Second Vice President of Sierra Leone
- In office 4 April 1987 – 1991
- President: Joseph Saidu Momoh
- Preceded by: Abu Bakar Kamara
- Succeeded by: J. B. Dauda

Personal details
- Born: 1 June 1929 Jojoima, Malema Chiefdom, Kailahun District, British Sierra Leone
- Died: 19 December 2009 (aged 80) London, United Kingdom
- Party: Sierra Leone People's Party (SLPP), All People's Congress (APC)
- Spouse: Gladys Jusu-Sheriff
- Children: Five children: Yasmin; Salia Junior; Nalinie; Sheku; Nadia;

= Salia Jusu-Sheriff =

Sierra Leonean politician

Salia Jusu-Sheriff (1 June 1929 – 19 December 2009) was a Sierra Leonean politician who served as Vice President of Sierra Leone from 1987 to 1991. He was the leader of the SLPP party.

==Life==
Jusu-Sheriff was born in 1929 in Freetown. He was an economist and a lawyer. He was Minister of Finance of Sierra Leone from May 1982 to September 1984. Sierra Leone had two Vice Presidents, the First and Second, Jusu-Sheriff was the Second from 1987 to 1991. Jusu-Sheriff retired after Joseph Saidu Momoh was overthrown.

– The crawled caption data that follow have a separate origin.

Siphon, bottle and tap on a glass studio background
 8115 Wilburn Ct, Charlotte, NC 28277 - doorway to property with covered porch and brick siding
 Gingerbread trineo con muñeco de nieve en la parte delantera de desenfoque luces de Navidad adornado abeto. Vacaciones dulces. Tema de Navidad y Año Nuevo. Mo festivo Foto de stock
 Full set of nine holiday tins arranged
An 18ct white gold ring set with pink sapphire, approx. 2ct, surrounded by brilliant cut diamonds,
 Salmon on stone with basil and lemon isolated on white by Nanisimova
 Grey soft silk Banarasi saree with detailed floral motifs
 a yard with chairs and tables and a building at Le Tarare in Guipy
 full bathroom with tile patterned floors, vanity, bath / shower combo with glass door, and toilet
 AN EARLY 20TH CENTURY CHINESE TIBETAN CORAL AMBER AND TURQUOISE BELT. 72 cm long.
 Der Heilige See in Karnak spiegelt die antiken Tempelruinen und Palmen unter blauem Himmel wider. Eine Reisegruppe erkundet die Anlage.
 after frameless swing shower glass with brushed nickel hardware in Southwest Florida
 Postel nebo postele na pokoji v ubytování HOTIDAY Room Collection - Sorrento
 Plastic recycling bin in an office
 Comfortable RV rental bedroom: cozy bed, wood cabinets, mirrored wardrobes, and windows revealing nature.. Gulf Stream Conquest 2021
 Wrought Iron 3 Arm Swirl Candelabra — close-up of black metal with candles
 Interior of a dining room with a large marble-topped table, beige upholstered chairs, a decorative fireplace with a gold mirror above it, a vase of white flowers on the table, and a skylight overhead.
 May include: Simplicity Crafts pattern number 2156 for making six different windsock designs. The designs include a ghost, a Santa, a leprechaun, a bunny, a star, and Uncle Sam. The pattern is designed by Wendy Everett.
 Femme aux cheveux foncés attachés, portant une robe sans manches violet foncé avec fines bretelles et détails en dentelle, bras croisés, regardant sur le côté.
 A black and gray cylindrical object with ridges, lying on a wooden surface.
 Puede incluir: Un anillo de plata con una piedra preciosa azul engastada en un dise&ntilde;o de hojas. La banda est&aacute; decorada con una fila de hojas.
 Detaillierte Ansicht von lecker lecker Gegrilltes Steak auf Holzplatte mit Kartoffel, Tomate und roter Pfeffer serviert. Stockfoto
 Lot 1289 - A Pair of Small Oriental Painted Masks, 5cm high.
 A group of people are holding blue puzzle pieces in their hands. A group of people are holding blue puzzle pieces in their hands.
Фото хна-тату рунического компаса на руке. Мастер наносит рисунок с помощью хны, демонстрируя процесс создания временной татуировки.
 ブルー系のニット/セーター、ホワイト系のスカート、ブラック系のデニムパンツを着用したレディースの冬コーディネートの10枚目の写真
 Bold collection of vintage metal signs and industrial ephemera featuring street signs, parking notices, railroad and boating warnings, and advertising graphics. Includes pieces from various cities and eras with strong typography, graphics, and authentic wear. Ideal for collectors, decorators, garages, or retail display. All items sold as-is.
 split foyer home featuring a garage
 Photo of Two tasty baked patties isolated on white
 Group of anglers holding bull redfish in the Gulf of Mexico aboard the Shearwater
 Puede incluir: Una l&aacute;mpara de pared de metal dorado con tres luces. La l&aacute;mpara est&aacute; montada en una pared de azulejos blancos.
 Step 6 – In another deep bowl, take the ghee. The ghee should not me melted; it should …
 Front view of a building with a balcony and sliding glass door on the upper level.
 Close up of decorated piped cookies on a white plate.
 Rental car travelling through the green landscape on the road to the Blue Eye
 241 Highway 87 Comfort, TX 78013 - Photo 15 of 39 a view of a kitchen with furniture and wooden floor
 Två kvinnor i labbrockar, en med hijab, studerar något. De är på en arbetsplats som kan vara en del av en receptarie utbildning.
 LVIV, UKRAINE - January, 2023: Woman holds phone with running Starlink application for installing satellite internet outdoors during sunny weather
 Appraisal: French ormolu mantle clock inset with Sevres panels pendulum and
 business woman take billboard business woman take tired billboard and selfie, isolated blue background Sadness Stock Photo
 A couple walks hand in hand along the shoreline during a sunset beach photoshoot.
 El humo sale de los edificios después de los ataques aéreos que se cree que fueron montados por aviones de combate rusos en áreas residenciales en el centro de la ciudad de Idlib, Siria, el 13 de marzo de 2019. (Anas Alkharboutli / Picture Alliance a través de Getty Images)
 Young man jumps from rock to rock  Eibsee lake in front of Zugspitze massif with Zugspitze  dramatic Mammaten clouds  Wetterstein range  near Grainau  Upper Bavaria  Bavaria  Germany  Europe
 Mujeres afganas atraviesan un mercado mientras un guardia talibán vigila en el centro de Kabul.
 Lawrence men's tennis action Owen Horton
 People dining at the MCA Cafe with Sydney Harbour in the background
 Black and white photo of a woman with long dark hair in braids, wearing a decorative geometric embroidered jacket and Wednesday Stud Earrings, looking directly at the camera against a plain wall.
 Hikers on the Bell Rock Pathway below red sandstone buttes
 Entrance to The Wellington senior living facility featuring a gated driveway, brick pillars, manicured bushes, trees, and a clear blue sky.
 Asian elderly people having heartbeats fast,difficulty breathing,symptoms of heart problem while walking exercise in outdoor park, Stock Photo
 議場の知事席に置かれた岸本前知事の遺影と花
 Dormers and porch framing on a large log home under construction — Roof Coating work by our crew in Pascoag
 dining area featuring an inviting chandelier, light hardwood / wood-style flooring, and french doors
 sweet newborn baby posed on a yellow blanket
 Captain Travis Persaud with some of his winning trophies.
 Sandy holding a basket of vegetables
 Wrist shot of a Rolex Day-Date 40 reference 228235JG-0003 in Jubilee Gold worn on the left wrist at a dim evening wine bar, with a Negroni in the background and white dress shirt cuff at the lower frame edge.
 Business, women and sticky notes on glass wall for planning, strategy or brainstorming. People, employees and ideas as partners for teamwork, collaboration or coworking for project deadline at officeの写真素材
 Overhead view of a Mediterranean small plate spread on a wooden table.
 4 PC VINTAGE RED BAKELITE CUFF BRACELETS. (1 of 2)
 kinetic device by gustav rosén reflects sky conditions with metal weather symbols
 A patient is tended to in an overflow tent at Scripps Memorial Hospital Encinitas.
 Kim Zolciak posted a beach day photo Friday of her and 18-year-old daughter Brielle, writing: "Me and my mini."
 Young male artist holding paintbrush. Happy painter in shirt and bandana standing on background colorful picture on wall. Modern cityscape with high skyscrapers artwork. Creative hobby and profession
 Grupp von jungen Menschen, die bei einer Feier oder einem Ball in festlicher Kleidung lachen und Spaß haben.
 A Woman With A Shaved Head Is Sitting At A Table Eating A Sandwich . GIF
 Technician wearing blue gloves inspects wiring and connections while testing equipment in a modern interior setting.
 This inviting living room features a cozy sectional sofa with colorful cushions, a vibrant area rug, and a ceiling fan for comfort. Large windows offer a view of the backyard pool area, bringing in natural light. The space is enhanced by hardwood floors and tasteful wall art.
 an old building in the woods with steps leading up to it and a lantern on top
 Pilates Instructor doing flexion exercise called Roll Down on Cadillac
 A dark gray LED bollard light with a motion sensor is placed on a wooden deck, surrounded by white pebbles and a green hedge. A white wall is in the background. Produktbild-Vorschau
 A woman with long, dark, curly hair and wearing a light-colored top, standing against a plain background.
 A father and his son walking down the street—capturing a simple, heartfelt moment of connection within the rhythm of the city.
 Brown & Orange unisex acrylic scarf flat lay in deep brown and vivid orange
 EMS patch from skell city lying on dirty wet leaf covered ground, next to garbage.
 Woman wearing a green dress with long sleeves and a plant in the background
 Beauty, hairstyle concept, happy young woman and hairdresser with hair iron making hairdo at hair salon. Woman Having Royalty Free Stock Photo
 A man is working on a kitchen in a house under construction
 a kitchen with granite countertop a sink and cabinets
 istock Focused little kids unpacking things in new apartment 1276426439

His and Gladys Jusu-Sheriff's daughter Yasmin Sheriff has been an active campaigner in Sierra Leone, especially after 1991 when the Sierra Leone Civil War started.

He died in London, UK on 19 December 2009. Gladys Jusu-Sheriff survived him and she became a trustee for refugee work in Islington.